Like with Skip, a Chihuahua that had been in rescues like Animal House for years. Skip was terrified when Thames arrived to take his picture.

"He would only be on his foster's lap, which isn't an ideal photo, right?," she said. "But he did just get adopted recently so you're always like, 'Yay! Good job.'"

Despite Thames' best efforts to get a close-up shot sans zoom lens, Jewels remained wary during her photo shoot. Until fellow foster dog Cali, a wiggly 1-year-old pit bull, stole the spotlight. That brought Jewels a little closer to her. That and the treats, which Thames describes as "like crack for dogs."

Each dog is different.
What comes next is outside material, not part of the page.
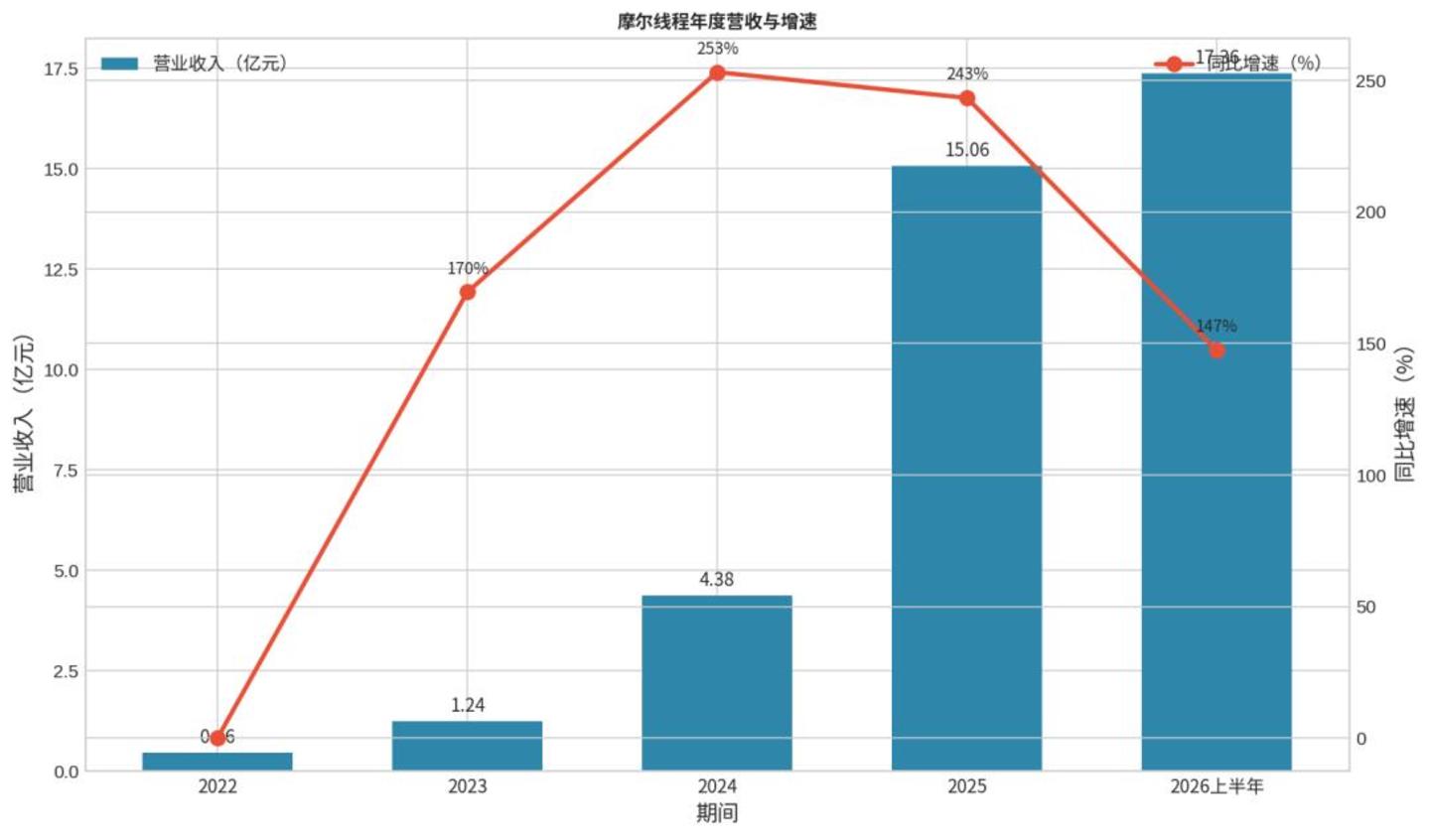  摩尔线程：国产GPU最接近"翻过雪山"的时刻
So Thames has an arsenal of attention getters – from treats to toys that squeak to her own sound effects.

"You'll hear me make a lot of weird noises, like high pitched noises that try to get their ears up," she said. "To look happy, I want their ears up, their tail not tucked, so any trick I can pull out to get that."

Thames does eventually get a good shot of Jewels, standing on the sidewalk with a content look on her face. Apparently it did the trick – Jewels was recently adopted.

"I love it," she said. "Yeah, that's what it's for."